Catherine Nixey. Mariner, $32.50 (384p) ISBN 978-0-358-65291-5

In the early days of Christianity, there were many different versions of Christ, according to this scintillating history from journalist Nixey (The Darkening Age). Studying texts that emerged in the centuries after Jesus’s death, Nixey dissects ancient Greco-Roman writings that depict Christ as little more than a magician in a world suffused by the supernatural (“Jesus created magical meals almost from thin air?... There were spells in the Greek Magical Papyri that offered a far larger menu”).
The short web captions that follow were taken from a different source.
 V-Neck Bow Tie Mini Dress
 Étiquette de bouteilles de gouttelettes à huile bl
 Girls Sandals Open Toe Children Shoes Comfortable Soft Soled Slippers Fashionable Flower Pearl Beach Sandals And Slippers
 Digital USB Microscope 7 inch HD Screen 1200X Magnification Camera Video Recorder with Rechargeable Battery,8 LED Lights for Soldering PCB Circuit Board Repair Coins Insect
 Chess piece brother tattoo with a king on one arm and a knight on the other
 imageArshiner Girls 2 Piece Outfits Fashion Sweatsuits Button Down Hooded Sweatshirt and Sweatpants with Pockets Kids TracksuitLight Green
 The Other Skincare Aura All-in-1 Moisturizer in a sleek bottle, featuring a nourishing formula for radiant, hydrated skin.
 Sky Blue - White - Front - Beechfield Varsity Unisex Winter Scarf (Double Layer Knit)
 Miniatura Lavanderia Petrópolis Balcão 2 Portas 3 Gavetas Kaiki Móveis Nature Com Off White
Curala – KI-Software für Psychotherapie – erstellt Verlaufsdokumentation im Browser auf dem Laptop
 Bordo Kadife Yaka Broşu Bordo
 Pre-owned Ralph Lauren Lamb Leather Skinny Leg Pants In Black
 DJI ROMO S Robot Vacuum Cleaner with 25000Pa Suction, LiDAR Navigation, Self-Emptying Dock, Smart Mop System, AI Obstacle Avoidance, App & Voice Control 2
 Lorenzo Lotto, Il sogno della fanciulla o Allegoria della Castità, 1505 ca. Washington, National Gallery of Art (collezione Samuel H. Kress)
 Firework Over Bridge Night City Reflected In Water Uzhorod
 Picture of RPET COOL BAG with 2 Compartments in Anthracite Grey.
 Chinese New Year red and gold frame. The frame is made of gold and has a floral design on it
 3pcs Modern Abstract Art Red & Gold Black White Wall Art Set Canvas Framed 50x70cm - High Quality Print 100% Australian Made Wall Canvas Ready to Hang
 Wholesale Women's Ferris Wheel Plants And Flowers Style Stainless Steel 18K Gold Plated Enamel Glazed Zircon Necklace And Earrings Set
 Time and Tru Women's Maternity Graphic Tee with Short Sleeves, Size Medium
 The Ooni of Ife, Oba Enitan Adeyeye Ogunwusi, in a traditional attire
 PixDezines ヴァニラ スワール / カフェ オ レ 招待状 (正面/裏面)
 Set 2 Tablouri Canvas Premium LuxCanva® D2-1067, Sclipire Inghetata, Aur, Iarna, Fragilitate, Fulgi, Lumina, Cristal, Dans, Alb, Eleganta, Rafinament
Also discussed are the Infancy Gospel of Thomas, which portrays Jesus as a borderline-arrogant miracle worker with a temper; and Acts of Thomas, which describes Jesus preaching “abstention from sex lest any ‘lunatic’ children were conceived.” When Rome began banning such accounts in the fourth century, “heretical” depictions of Christ began to fade in favor of something closer to today’s ”familiar Jesus of Sunday school and sunbeams.” (The texts are not entirely forgotten, however—so-called Thomas Christians, who “pride themselves on being some of the first people to be converted to Christianity,” still live in India). The author gives due to the diverse and fascinating yet sometimes invisible threads hidden in the history of Christianity, enriching her study with intriguing arcana and close analysis. The result is an illuminating reassessment of the world’s largest religion. (Dec.)